# WD 40 or fluid film ?



## Sealer People (Nov 16, 2008)

Someone told me its wise to every now & then, take a can of wd 40 & spray the entire engine area of my truck.

pulleys, belts, nuts, bolts, terminals,etc etc, etc etc.. he says, just put it on to help lube everything up. 

Im just wondering is this is true ? & if so wouldnt fluid film be better as a lubricant?
I just put a small squirt of fluid film on the most squeaky door hinge,,,, the stuff work immediately.

The truck is a 1996 chevy 2500 diesel 4x4.


----------



## Lightningllc (Nov 23, 2009)

Salt sticks to oil. Water and vineger takes salt away.


----------



## racin84 (Dec 27, 2007)

I spray an entire can of WD-40 on my boat engine every vear when I winterize it. Keeps most nuts/bolts etc from rusting and seizing. Would not recomend spraying it directly on the belts. Remember WD-40 is originally a water displacer (hence WD).

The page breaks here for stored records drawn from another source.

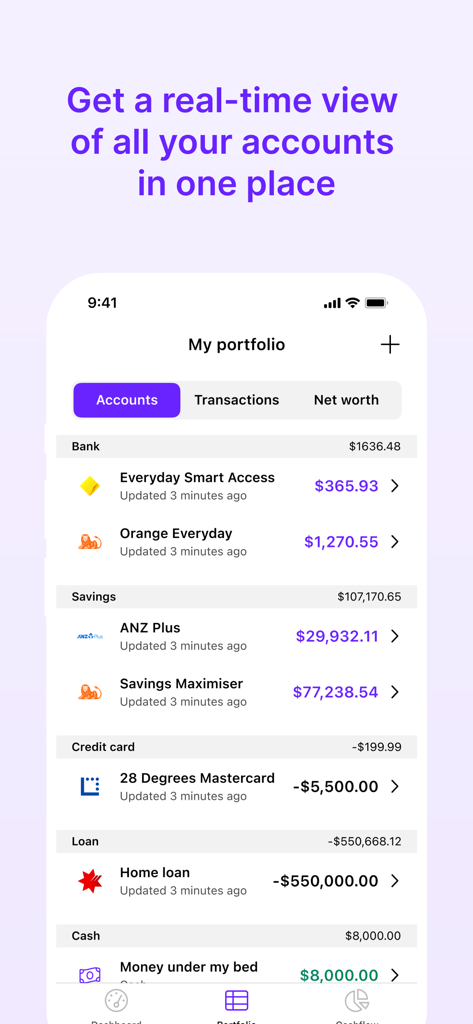 Frollo app interface showing a consolidated view of bank accounts, savings, and loans.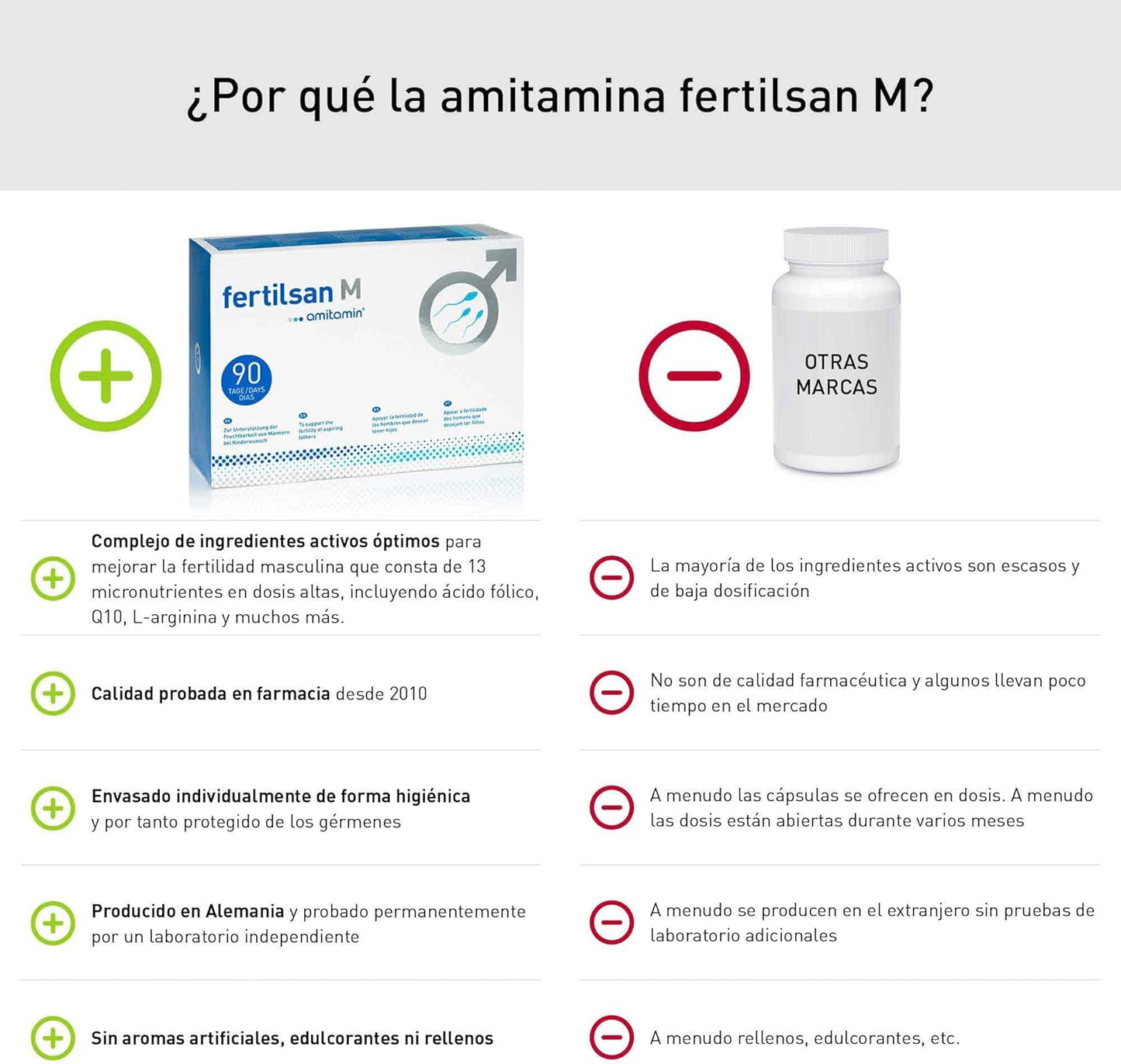 Amitamin Fertilsan M (Caps) 90 Days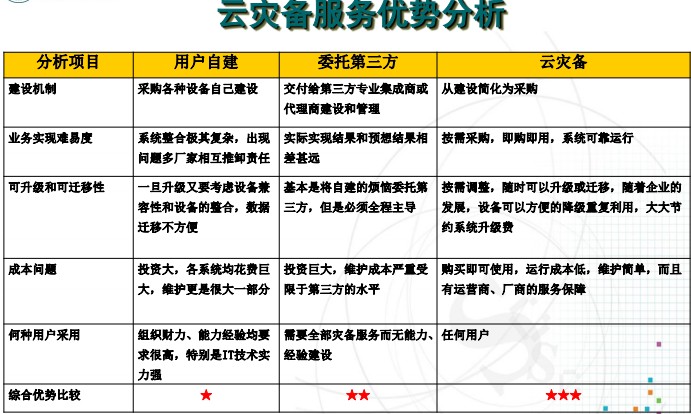 雲災備服務優勢分析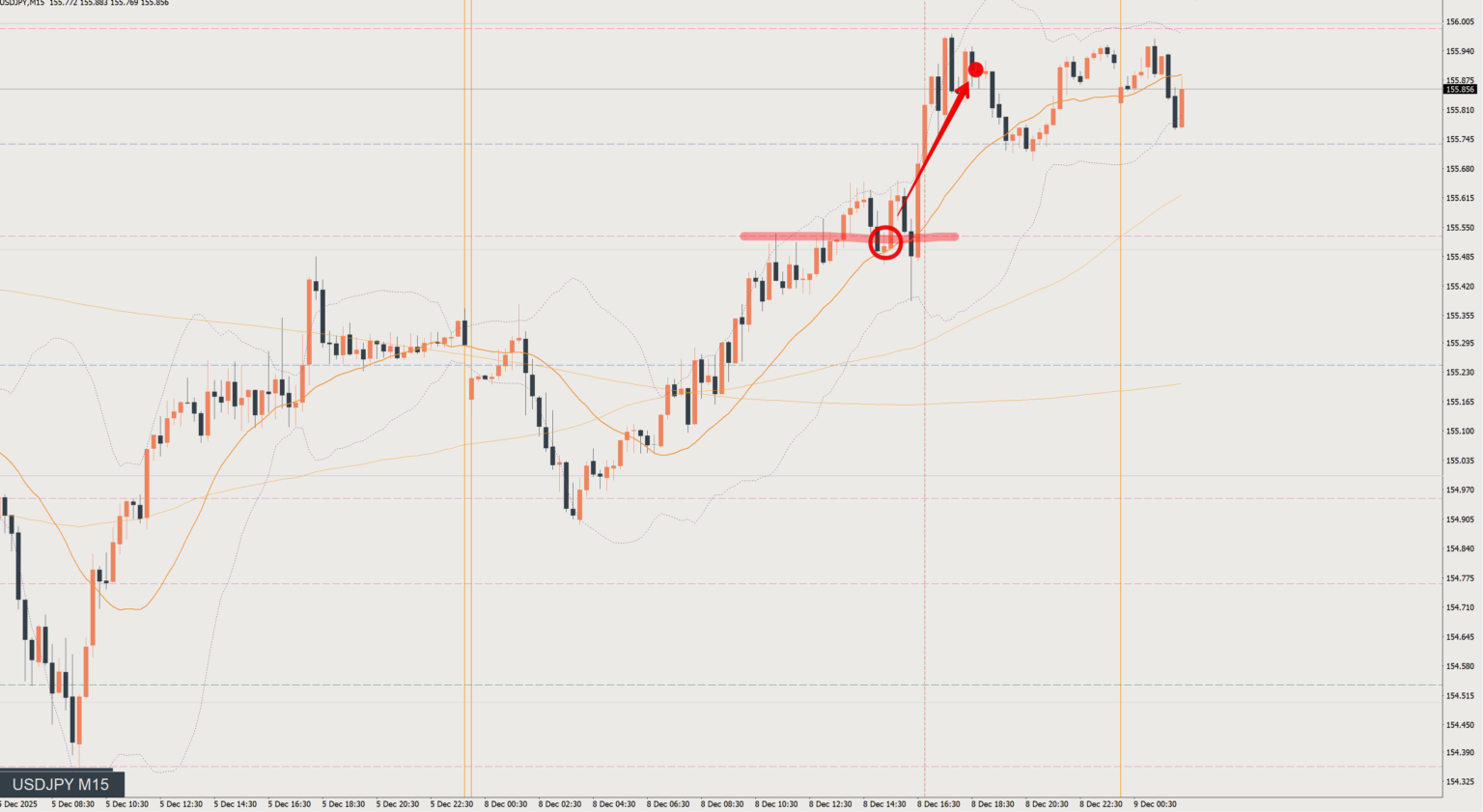 2025/12/08 ドル円トレード戦略 15分 チャート 振り返り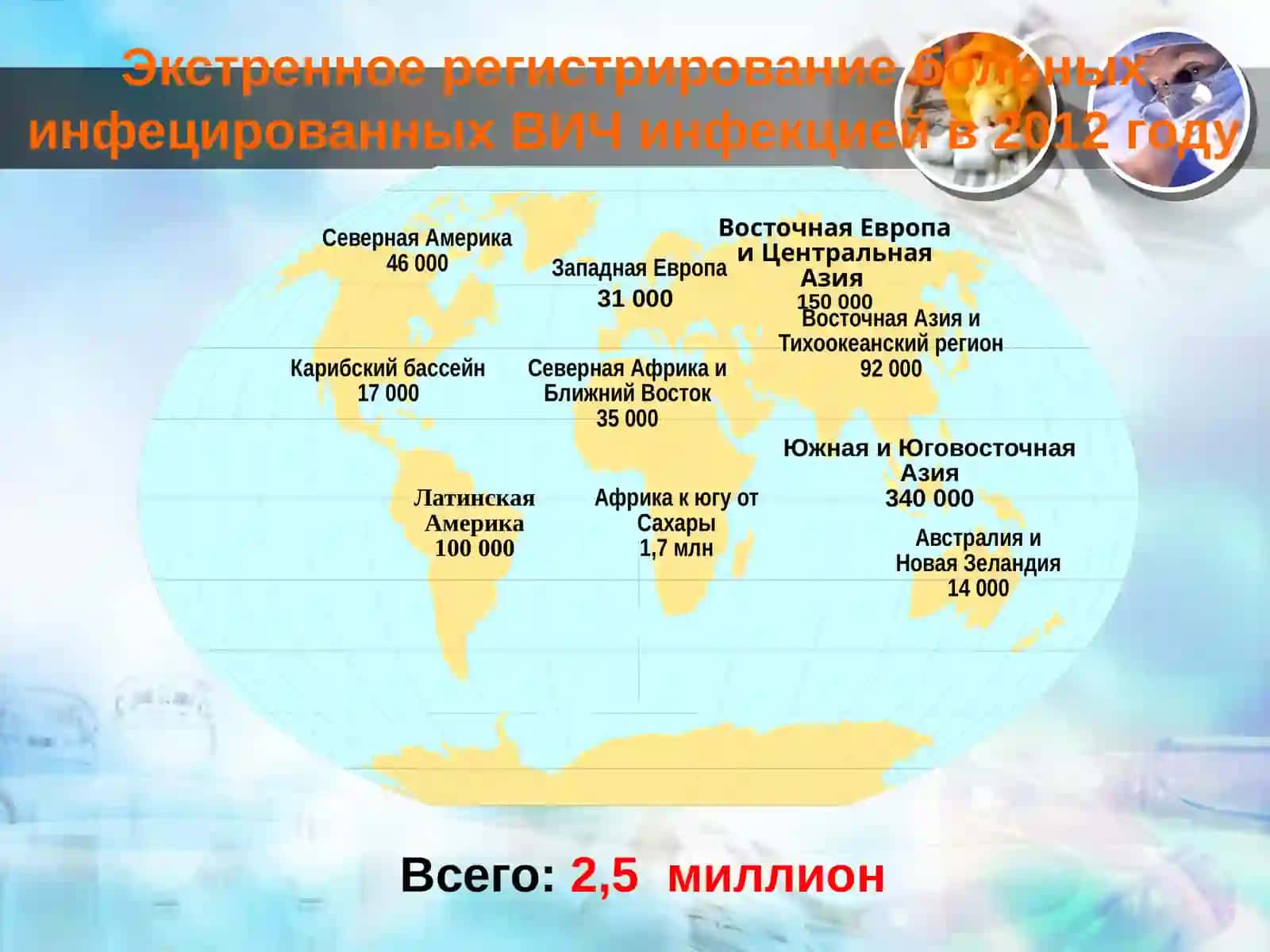 Что такое ВИЧ? 4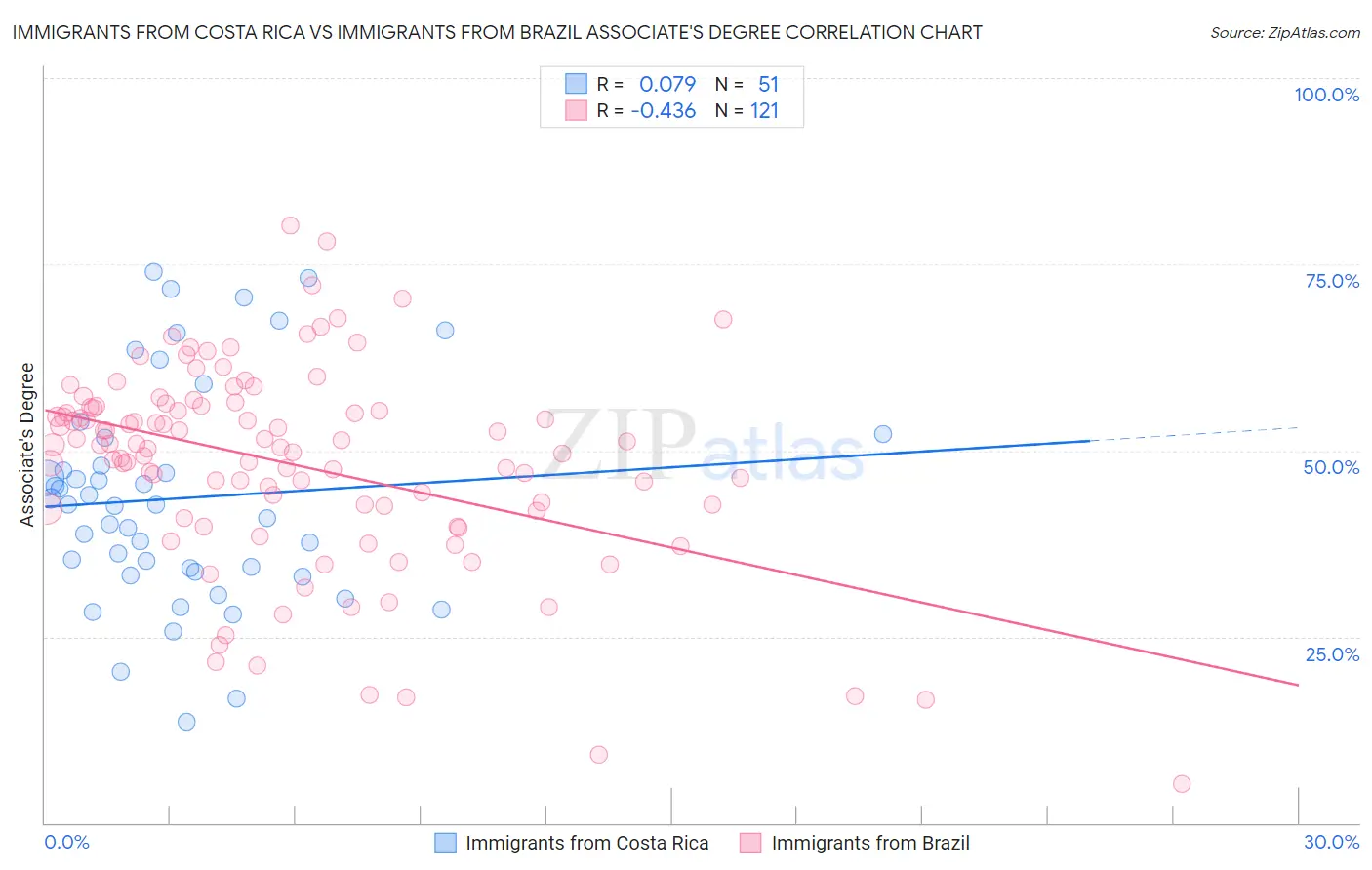 Immigrants from Costa Rica vs Immigrants from Brazil Associate's Degree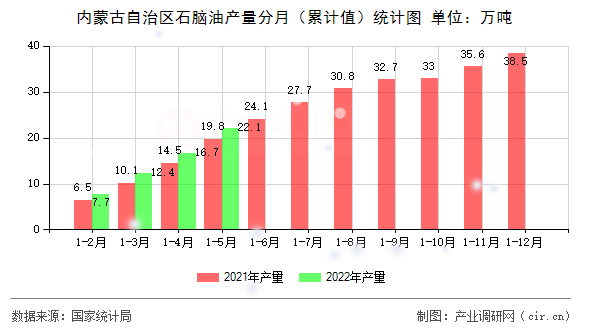 內(nèi)蒙古自治區(qū)石腦油產(chǎn)量分月（累計(jì)值）統(tǒng)計(jì)圖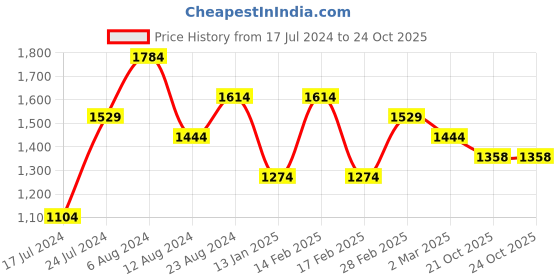myntra.com KARATCART Gold-Plated Peach Studded Kundan Jewellery set karatcart Price History Graph from 17 Jul 2024 to 22 Oct 2025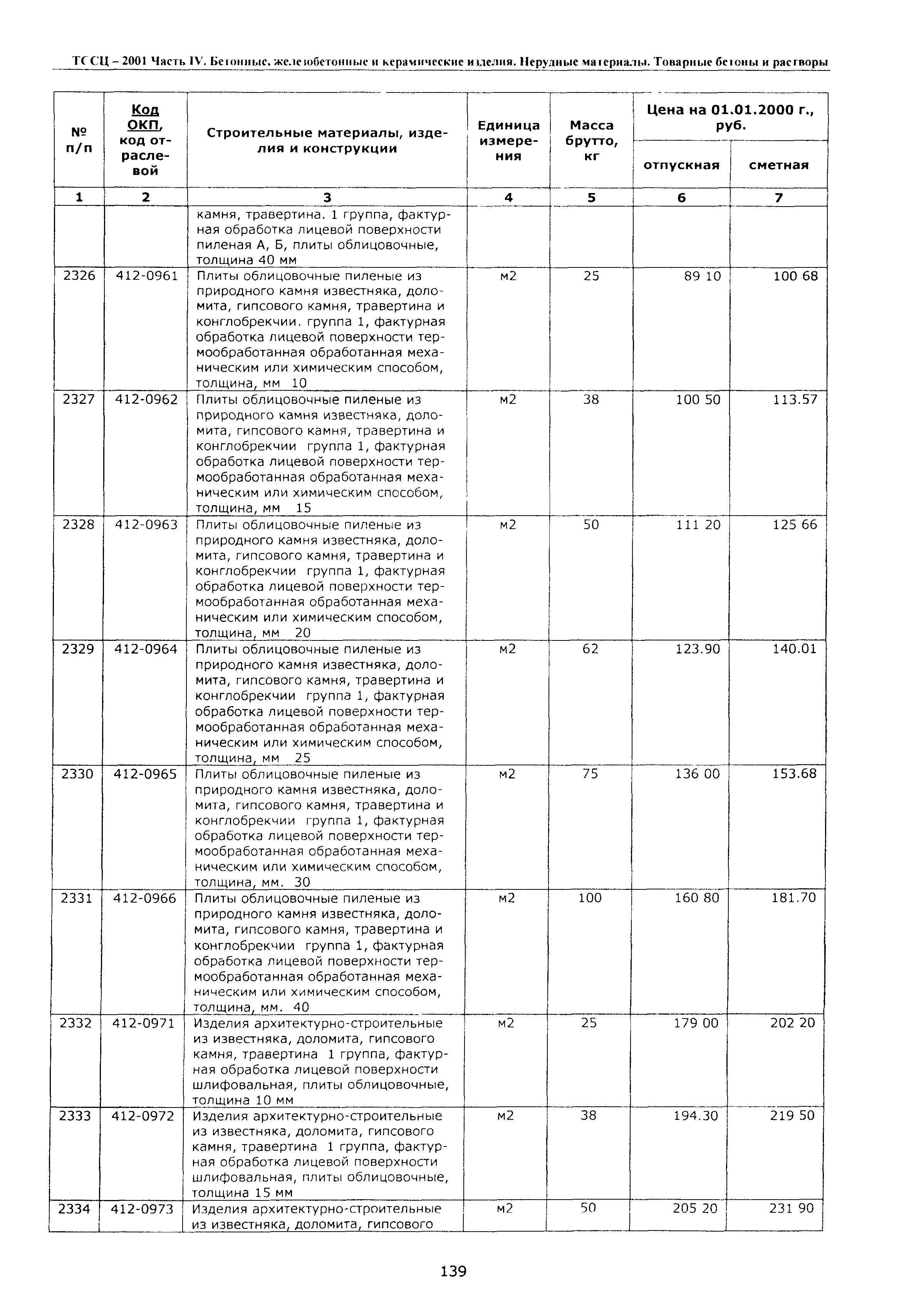 ТССЦ Воронежской области 2001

It will leave a protective film once it "dries".


----------



## Mark Witcher (Feb 21, 2004)

I really think that oiling the belts would be a BAD thing.


----------



## grandview (Oct 9, 2005)

What's with all this WD-40 talk?


----------



## 2COR517 (Oct 23, 2008)

grandview;918922 said:


> What's with all this WD-40 talk?


Uh yeah. Fluid Film rules!


----------



## scoop56 (Dec 22, 2009)

Fluid film for sure, the only thing WD40 is good for is removing black scuff marks on linoliem flooring!!!!!
FF is awsome stuff, we deal with salt all the time here in Canada.
I have been in the automotive aftermarket for 30 yrs.
FF is THE BEST !!!!!!!!!tymusic


----------